Occidental Grill & Seafood’s main entrance now welcomes guests at a more intuitive spot directly on Pennsylvania Avenue, leading guests through the restaurant’s charming patio and into a tiered dining room updated to seat 92 guests.

While historic features remain like Occidental’s ‘Scali table,’ named for a 1962 meeting between ABC correspondent John Scali and Soviet spy Alexander Fomin, easing tensions around the Cuban Missile Crisis, contemporary design upgrades bring new energy to the space.

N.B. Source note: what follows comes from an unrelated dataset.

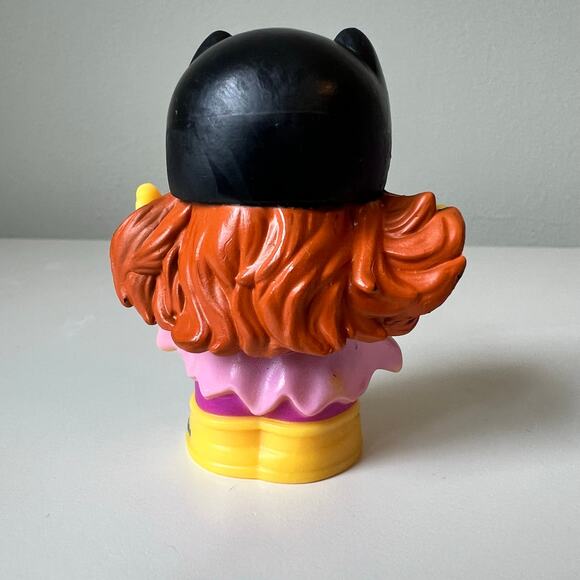 Fisher-Price DC Super Friends Batgirl and Batmobile 2020 - Picture 9 of 10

The new design palette features solid, earthy leather and striking patterns, as well as contemporary exposed-bulb light fixtures. The addition of a curved booth perched above the main dining room may become the new power booth, epitomizing the restaurant’s characterization: “Where Statesmen Dine.”







Famous Faces

Author and columnist Robert Ruark once wrote that sometimes the only way he knew what was going on politically in Washington, D.C. was by how the photos were arranged in Occidental Restaurant. For over 110 years, Occidental has been a gathering place for the nation's political power brokers, sports figures and celebrities. The photos of these notables have long lined the walls of the restaurant, serving as a barometer for the city and a reminder of the honorable, scandalous and just plain fun adventures that have taken place within its walls.